Pharmacogenetics is a rapidly evolving scientific field, yet the knowledge and experience of pharmacogenetics amongst pharmacists generally, and particularly in Australia, is limited.13,16,24 This study has shown that the perceived level of understanding of pharmacogenetics is poor. This study also suggests that the pharmacists who have more recently graduated from university perceive that they have a more sound understanding of pharmacogenetics compared to those who have been working as pharmacists for longer. While this correlation was not strong due to a limited response rate and the impact of outliers on the data, it was statistically significant. This would suggest that pharmacists who have been practicing for longer require more education on the topic and may need education that is targeted at them specifically. Approximately 25% of respondents had learnt about pharmacogenetics by reading around the topic. Together with the qualitative data gathered, this demonstrates that pharmacists are interested in pharmacogenetics and may embrace education on the topic. However, while self-directed learning demonstrates initiative on behalf of the pharmacists, it may result in differing levels of knowledge and uneven standards of practice amongst pharmacists regarding pharmacogenetics.
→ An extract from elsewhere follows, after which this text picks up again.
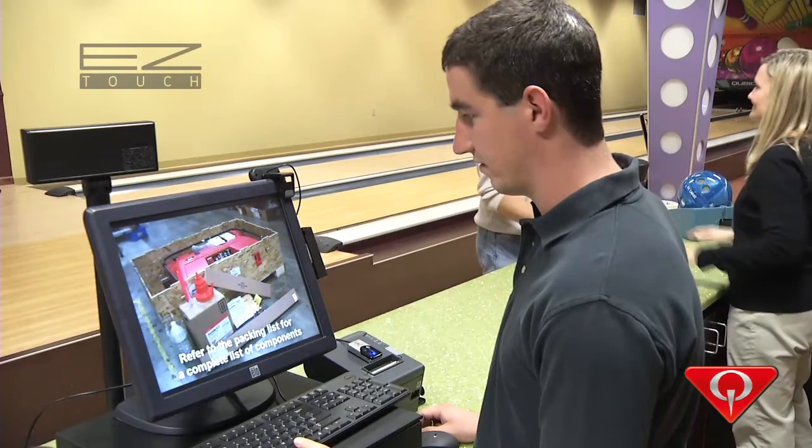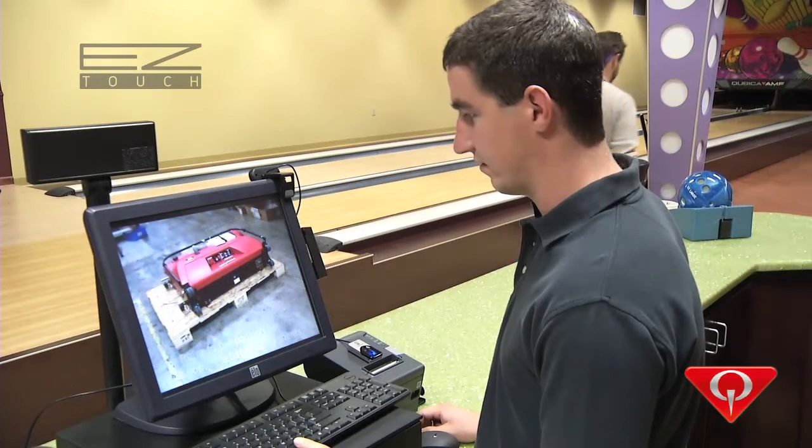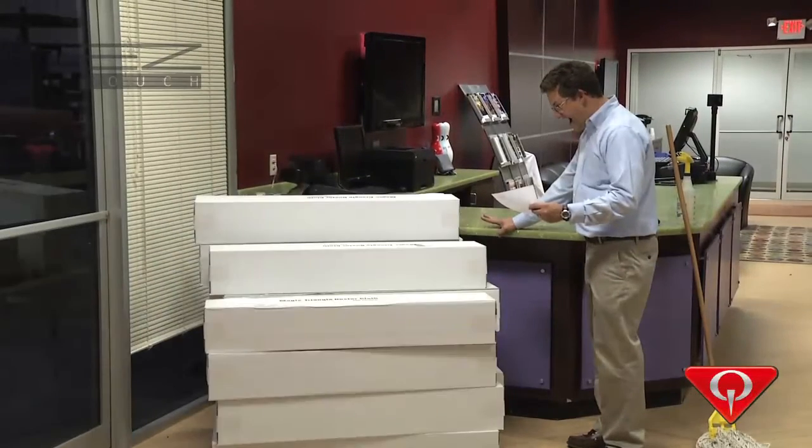With a quick start guide and a 10-minute video, you'll be up and running in minutes. In addition, EasyTouch doesn't use expensive cleaning cloth, so you'll save thousands over the life of the machine.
Therefore, guidelines and competency standards will need to be drafted and implemented to ensure that there is a consistent standard of practice among Australian pharmacists.
As illustrated by the results of this study and the conclusions of many others, pharmacists will need a sound understanding of pharmacogenetics in order to counsel appropriately and provide optimal pharmaceutical care to their patients.2,15,18,22,26,27 Previous studies have recommended that more targeted pharmacogenetics education initiatives be developed.22 The participants in this study generally agreed that this education should be delivered as part of a Bachelor of Pharmacy degree at university. Education directed at pharmacists who are already registered should be delivered via seminars and conferences which contribute to the pharmacist´s continuing education programs. As previously mentioned, education which is specifically tailored to a pharmacist´s experience and level of knowledge may need to be delivered. Therefore, pharmacists who have recently graduated from university may need less education on the scientific principles behind pharmacogenetics and may benefit from more intensive education about different pharmacogenetic tests and the clinical applications of these results. On the other hand, pharmacists who have been practicing for longer may require more education about the key principles behind the science of pharmacogenetics, as well as education about tests and clinical implications of these. As suggested elsewhere, teaching health professionals about the key principles of the science behind pharmacogenetics could help instil an appreciation of the future clinical importance of genomics, so that these pharmacists and doctors could be more motivated to lifelong learning of genetics and how it affects people´s health.23
Patient counselling was cited as one of the most important aspects of a pharmacist´s role which may be impacted upon by pharmacogenetics. However, when asked how well the respondents believed they could counsel a patient about a pharmacogenetic test result, the majority indicated that they would counsel poorly or very poorly. The importance of counselling and the provision of appropriate information to patients about pharmacogenetics have been noted as important aspects in the implementation of pharmacogenetics into healthcare.10 To ensure a suitably high standard of counselling and pharmaceutical care, a thorough education and understanding of pharmacogenetics by clinicians and pharmacists would be required.10
The impact of pharmacogenetics on the pharmacy profession, counselling, medicine use, the patient, education of pharmacists, as well as economic and ethical implications were identified as major themes through thematic analysis of the qualitative data gathered. Generally the respondents were positive about the impact of pharmacogenetics on pharmacy practice and the topics mentioned above. While the potential impact of pharmacogenetics on a pharmacist´s role has been discussed in international studies3,16,18,22,24,26,27, scant research had been conducted in Australia to determine pharmacists´ views on how pharmacogenetics may affect their roles. The views expressed in this study reflect those of overseas studies, namely that pharmacogenetics will impact upon pharmacy in specific ways. These include the potential for increased specialisation of and broadening of the skills base for pharmacy, the requirement for pharmacists to interpret pharmacogenetic test results, the need for increased counselling of patients in defined areas of genetic testing, the optimisation of medication regimes and doses, and the need and capacity to educate other health professionals.2,18,22 Some concerns were noted by pharmacists in this study, and these included the economic ramifications of pharmacogenetics on pharmacy, specifically, whether there would be the need to employ more staff given the greater time required by the pharmacist to counsel on and assess test results. There were suggestions also that the potential for reduced medicine use by patients could negatively affect the viability of some pharmacies. Privacy and ethical issues were noted, including whether pharmacists would have access to a patient´s pharmacogenetic test results or would need to depend on the patient disclosing the results. These concerns were similar to those raised in studies overseas,1-3,8,13,27 and describe issues that will need to be addressed prior to the implementation of pharmacogenetic testing in Australia to ensure pharmacists are comfortable and positive about their potential new roles.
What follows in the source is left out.